Now that I think about it, that is perfect. A temporary attachment who would share the same experiences, do what you do, like what you like. Company, a silent friendship, an understanding. And then when it’s done, it’s done. You leave, he leaves and no one is sad.
I am digressing slightly, so let me continue.
Ballito, on the deck. The 3 kids had found a rock, slightly higher than the sand bank itself. The boys decided to run and ramp themselves off of the rock, doing awesome spinning things and flips in the air before they hit the sand.
The girl, being a girl, said, “You think you’re cool?? WATCH THIS!!!!”
She ran. Her face painted with determination and willpower. Her expression screamed ‘I WILL be awesome’.

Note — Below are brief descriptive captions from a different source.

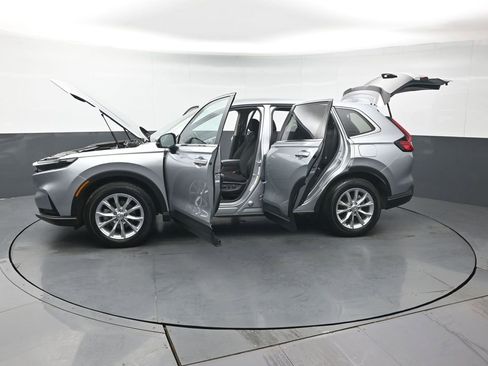 Certified 2024 Honda CR-V EX image 45
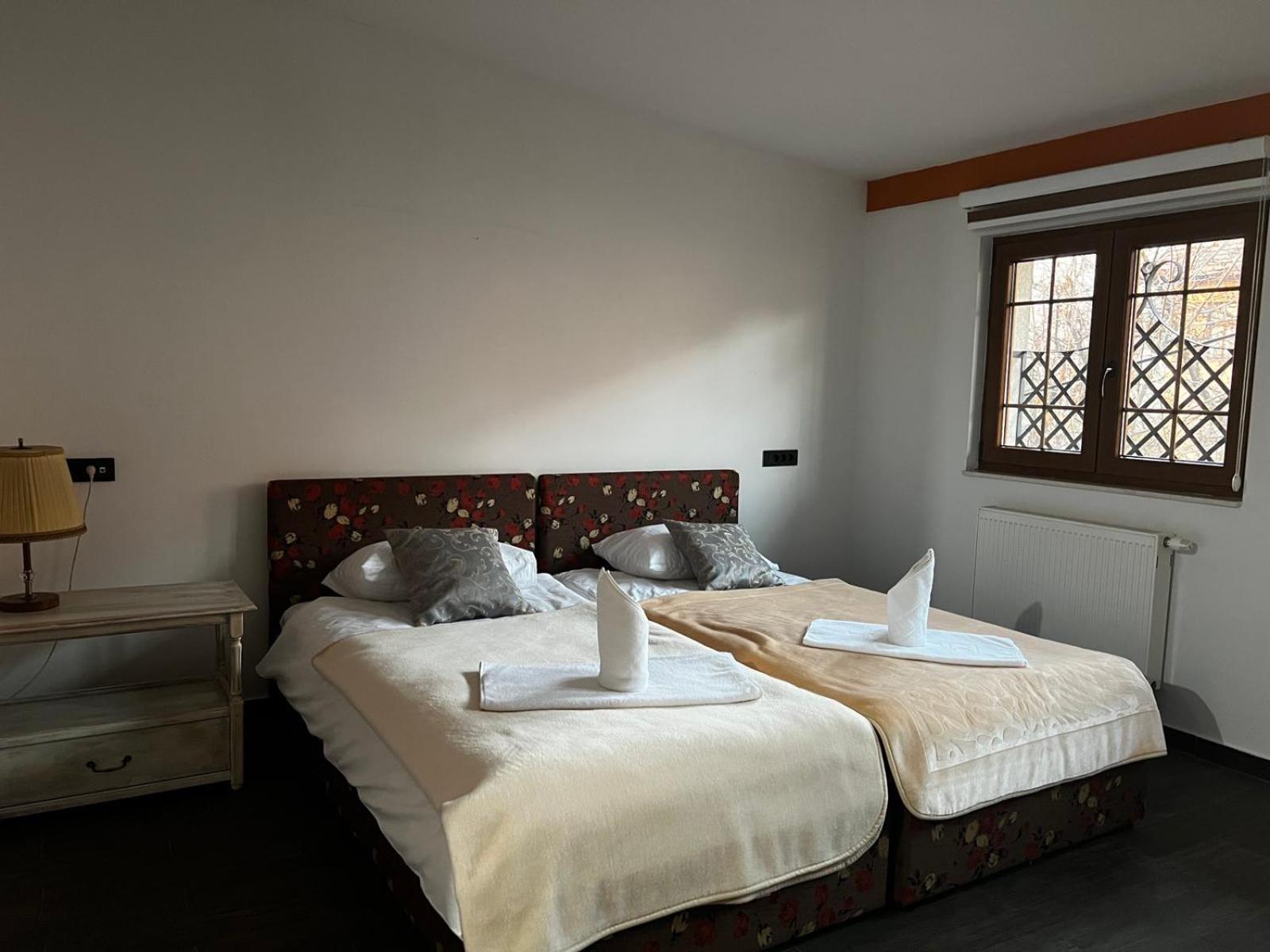 Royal Gold Saraievo Exterior foto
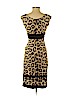 Roberto Cavalli Ivory Casual Dress Size EU (IT) 40 / US 4 - photo 2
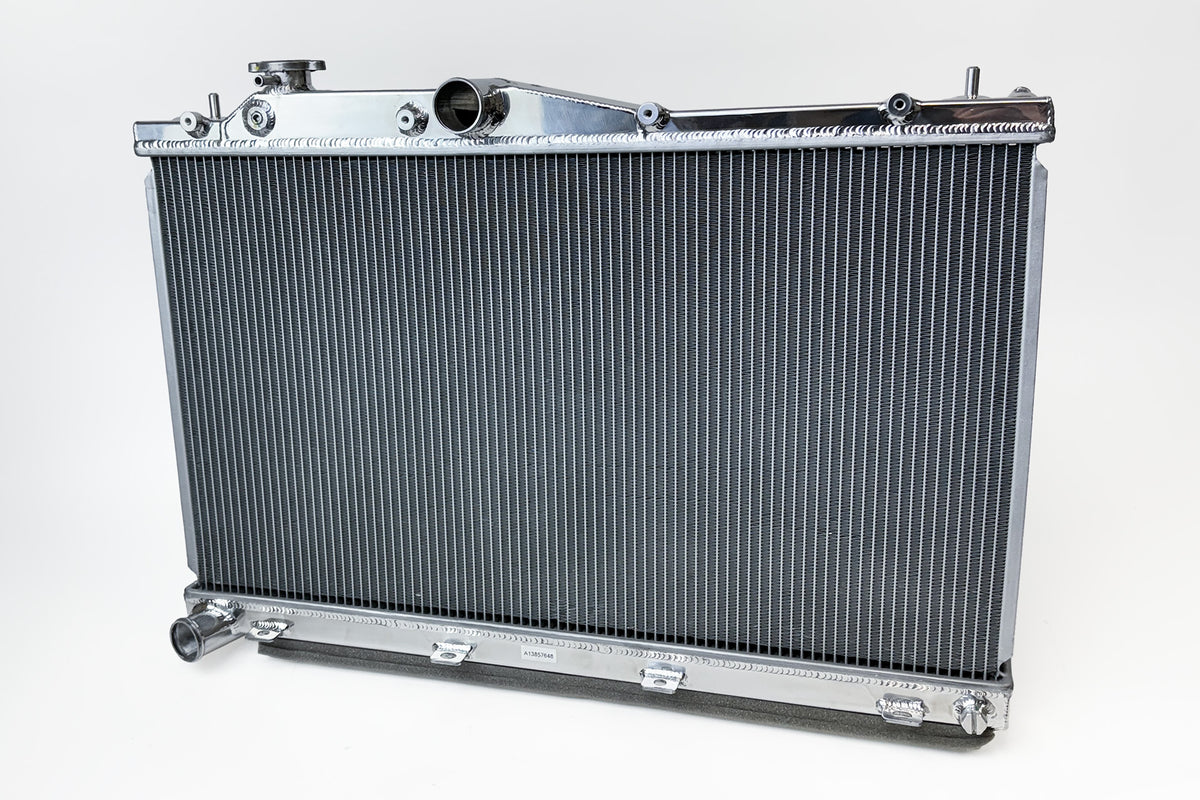CSF 2022+ Subaru WRX All Aluminum Radiator - 7224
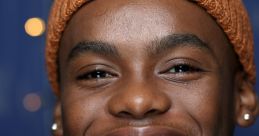 Jahi Di'allo Winston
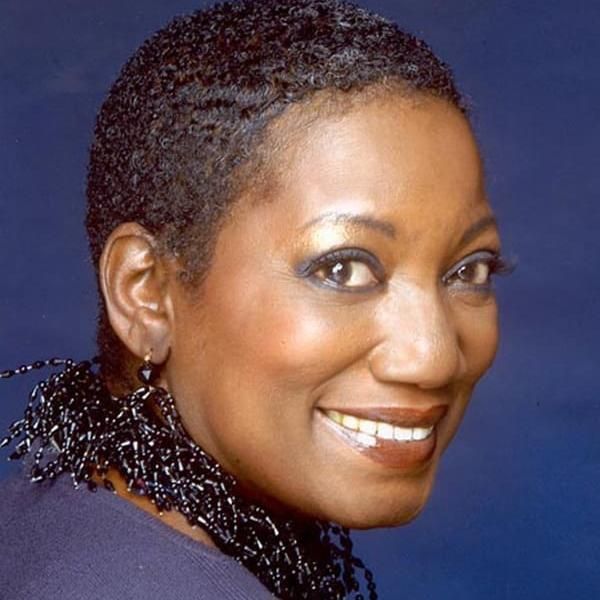 Photo of Rhetta Hughes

She ran from so far back that by the time she got to the rock she was tired. I sat up in my chair. I knew this was going to be good. She leaped from the rock, arms outstretched like Superman. And somehow, that’s exactly how she went down. I don’t know what happened between the rock and the sand, but her face hit the sand first.
My reaction?
“BAAAAHAHAHAHAHAHAHAHAAAA *choke on my gum* BAAAHAHAHAHAHA *can’t breathe* HAHAHAHAHAHA *fall on floor*” 
I’m sure by now you get the picture? 
I will most likely spend the next 12 blogs trying to figure out what I’m blogging about.